The additional requirements are set out in Appendix B of the Guidance Note.

Independent adviser’s report may not be required for no-objection statements from the Panel

Published 1 March 2015

The Panel has made some changes to the Guidance Note on schemes of arrangement and amalgamations under Part 15 of the Companies Act 1993, to make it clear that the Panel can tailor its response to applications for no-objection statements under section 236A of the Companies Act on a case-by-case basis.

The Guidance Note previously indicated that a no-objection statement would be given only for scheme proposals that are accompanied by an independent adviser’s report on the merits of the transaction. However, the amended Guidance Note clarifies that the Panel may waive this requirement in some circumstances. For example, a scheme to return capital to shareholders may exclude a class of shares with a tiny percentage of the company’s total voting rights, and this may “affect the voting rights” of the Code company in a very minimal way. In such cases the Panel may consider the effect to be so small that it would not require an independent adviser’s report as a pre-requisite to providing a no-objection statement.

The Panel encourages scheme promoters to liaise with the Panel executive at the earliest opportunity to discuss proposals on a confidential basis.

Guidance Note on Offer Documents has been amended

Published 1 March 2015

The Panel has updated its Guidance Note on Offer Documents to include a reminder that takeover offers must be on the same terms and conditions as those contained in, or accompanying, the takeover notice, with limited exceptions. All changes or additions to the terms and conditions included in the offer must be notified to the target company before the offer document is sent to shareholders. The Panel also reminds offerors that acceptance transfer forms are part of the terms and conditions of an offer and must be sent with the takeover notice.

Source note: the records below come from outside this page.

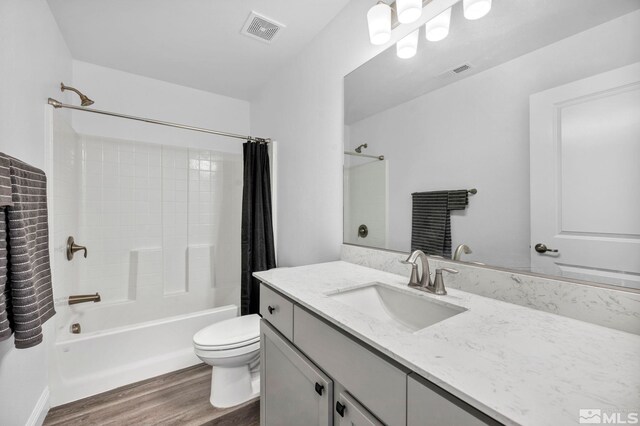410 Dublin St, Carson City, NV 89701 - photo 21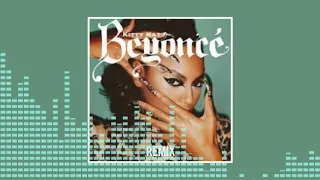 Beyoncé - Kitty Kat (Remix)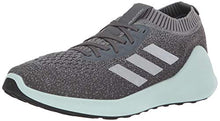 
                        
                          將圖片載入圖庫檢視器 adidas Men's Purebounce+
                        
                      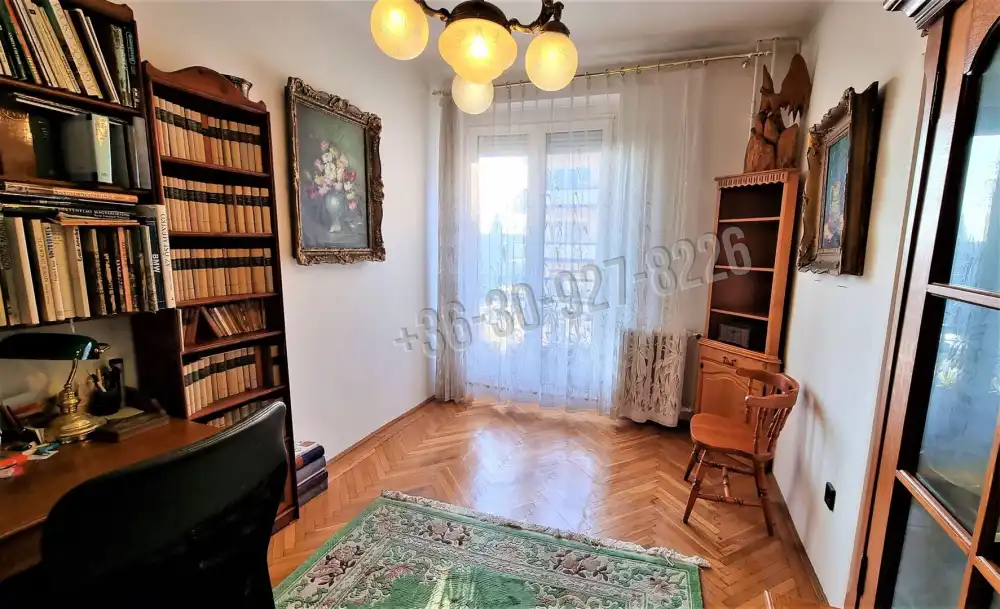 Győr-Moson-Sopron megye - Győr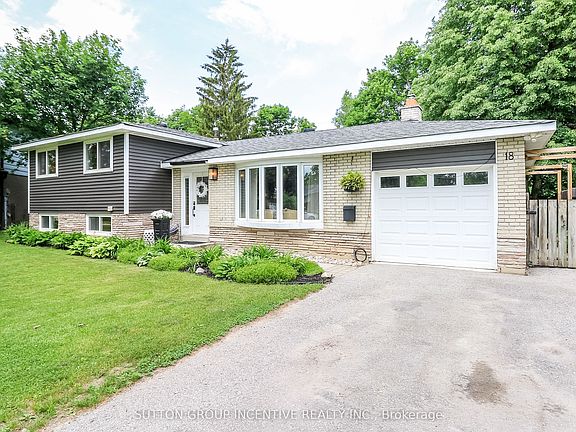 2nd image of 18 Jills Ct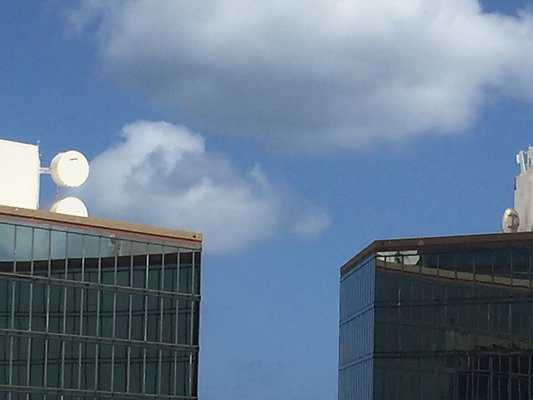 HI50 S6 Downtown TOPA Ewa Tower 2.46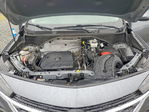 Buick Encore 2020
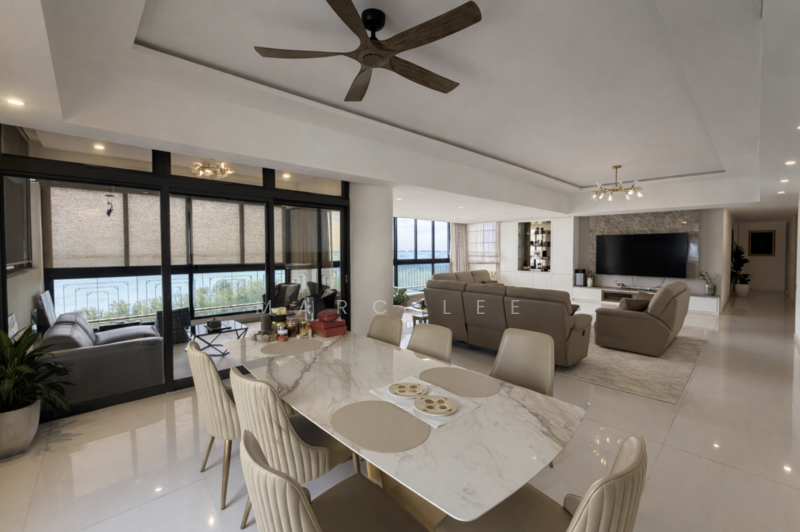 Pictures For Illustration Only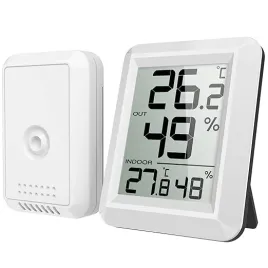 stacja-pogody-termohigrometr-ft0423-termometr-higrometr-lcd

The Panel has also updated the Guidance Note to provide guidance on due diligence offer conditions. The guidance is about the drafting of due diligence conditions to avoid breaching the Code, and discusses whether a target company can refuse to allow due diligence in light of the prohibition on defensive tactics in rule 38 of the Code.

Case studies added to Guidance Note on Upstream Acquisitions

Published 1 March 2015

The Panel has updated its Guidance Note on Upstream Acquisitions to include two case studies, summarising the Panel’s application of its policy:

(a) the proposed acquisition of 100% of the voting rights in Opus Group Berhad, the upstream parent of Opus International Consultants Limited, a New Zealand Code company, by Faber Group Berhad; and

(b) the proposed merger of AMP Limited with the Australasian business of AXA Asia Pacific Holdings Limited.

“...takeover offers must be on the same terms and conditions as those contained in, or accompanying, the takeover notice, with limited exceptions.”